#### Given records

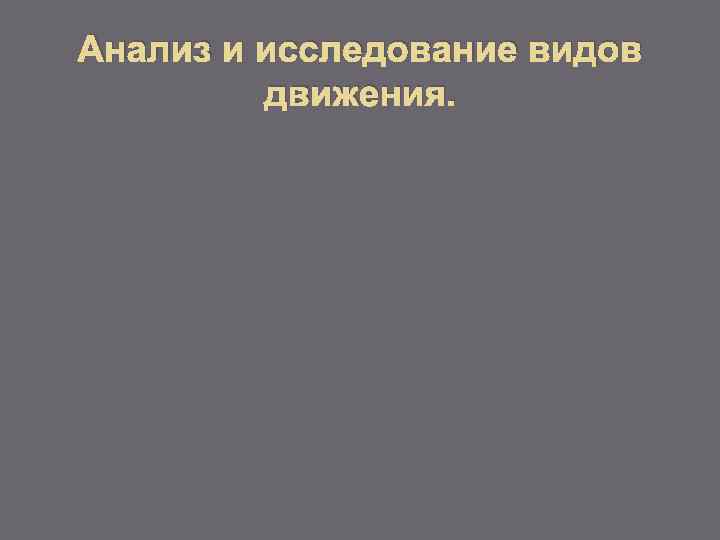 Анализ и исследование видов движения. 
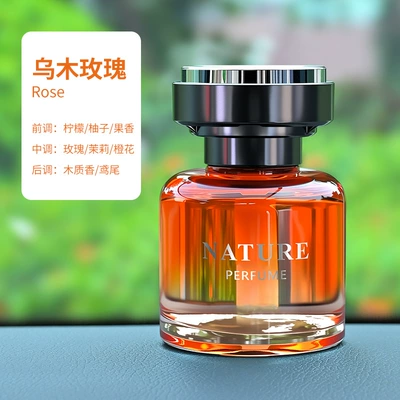 Perfplant seat Car Interior Fragrance, Car Perfume - ebony-rose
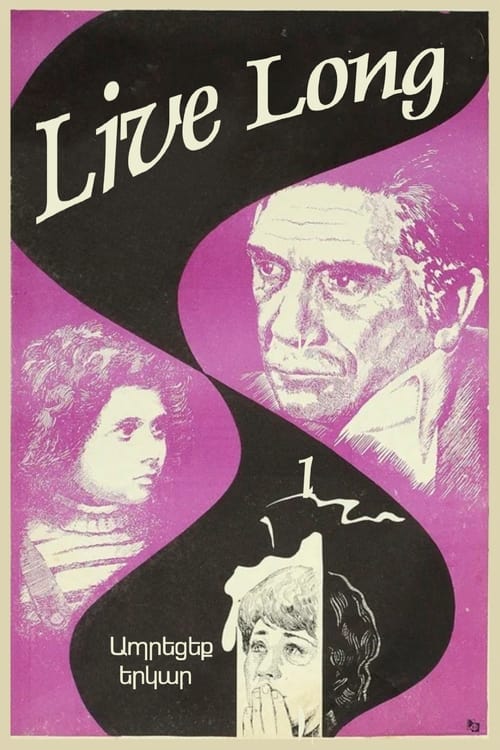Live Long movie poster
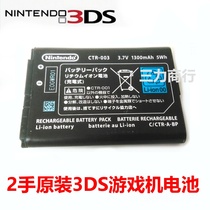  Original 3DS game console Built-in rechargeable battery 3DS game console battery Electric board 3DS game console battery
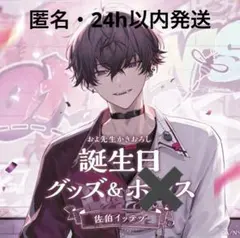 にじさんじ　誕生日　フルセット　佐伯イッテツ　2023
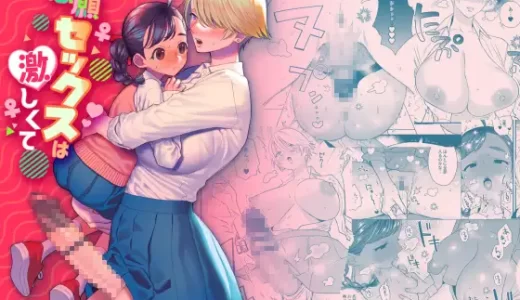 【エロ同人】念願セックスは激しくてのあらすじやネタバレ！無料で読める電子書籍サイトを紹介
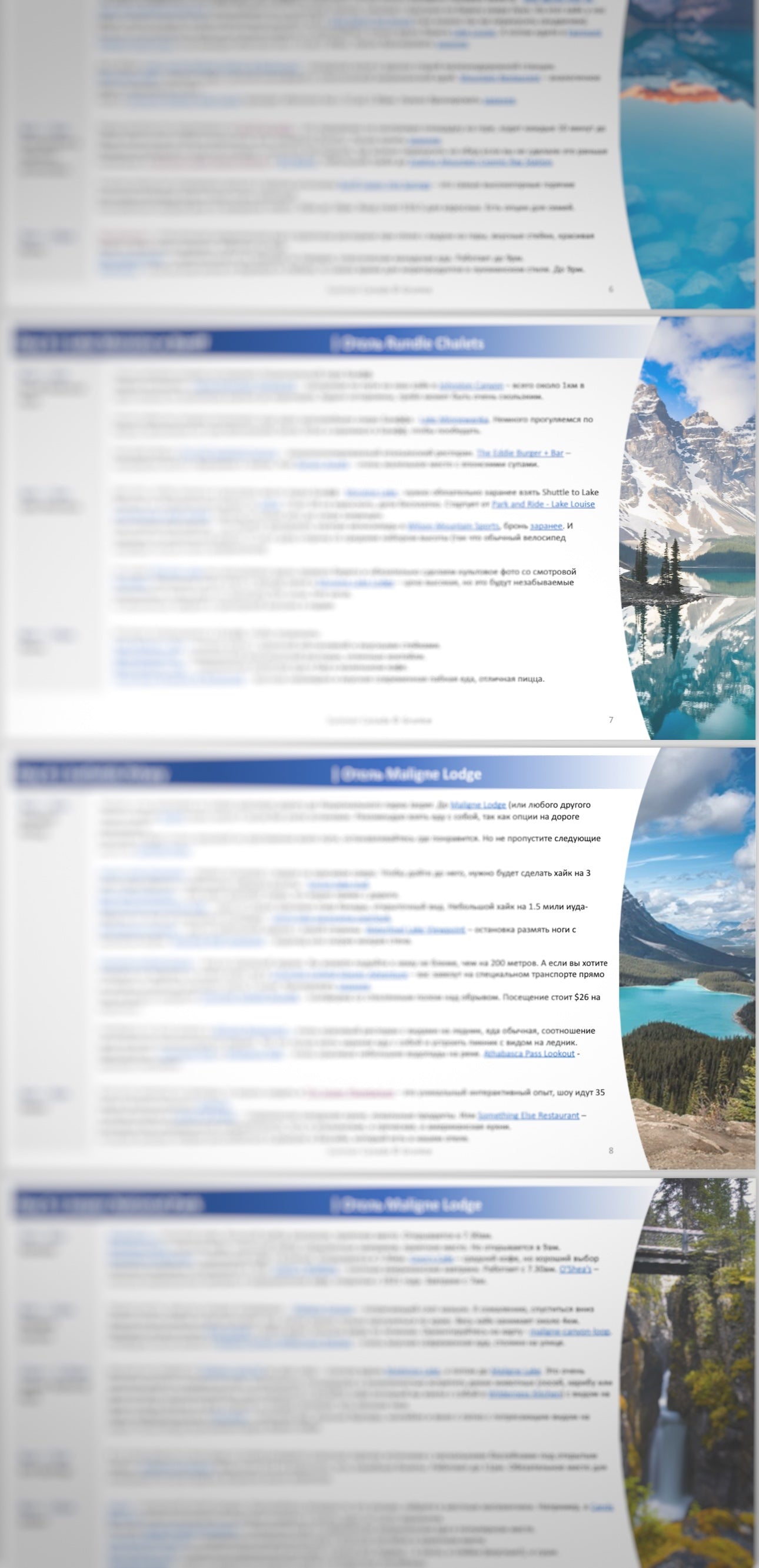 Canada - Banff & Jasper at Summer - 6 days (RU)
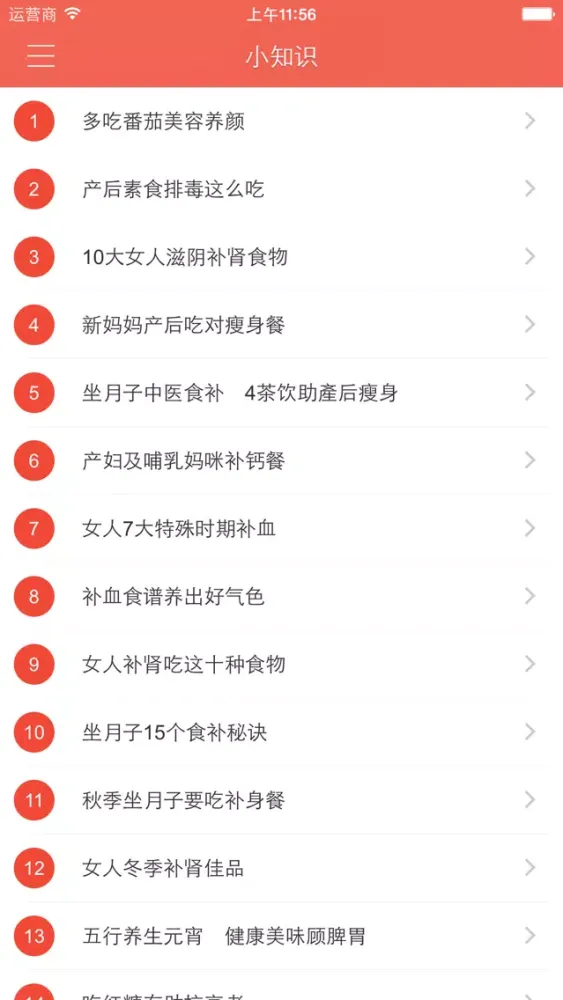 Capturas de pantalla de 月子餐 - 产后一个月恢复必备美食营养菜谱大全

########

### Aim of the exercise
Reproduce the records above exactly, but only from the line containing "にじさんじ　誕生日　フルセット　佐伯イッテツ　2023" through the last line, both included, and without any pictures.

### Expected answer
 にじさんじ　誕生日　フルセット　佐伯イッテツ　2023
 【エロ同人】念願セックスは激しくてのあらすじやネタバレ！無料で読める電子書籍サイトを紹介
 Canada - Banff & Jasper at Summer - 6 days (RU)
 Capturas de pantalla de 月子餐 - 产后一个月恢复必备美食营养菜谱大全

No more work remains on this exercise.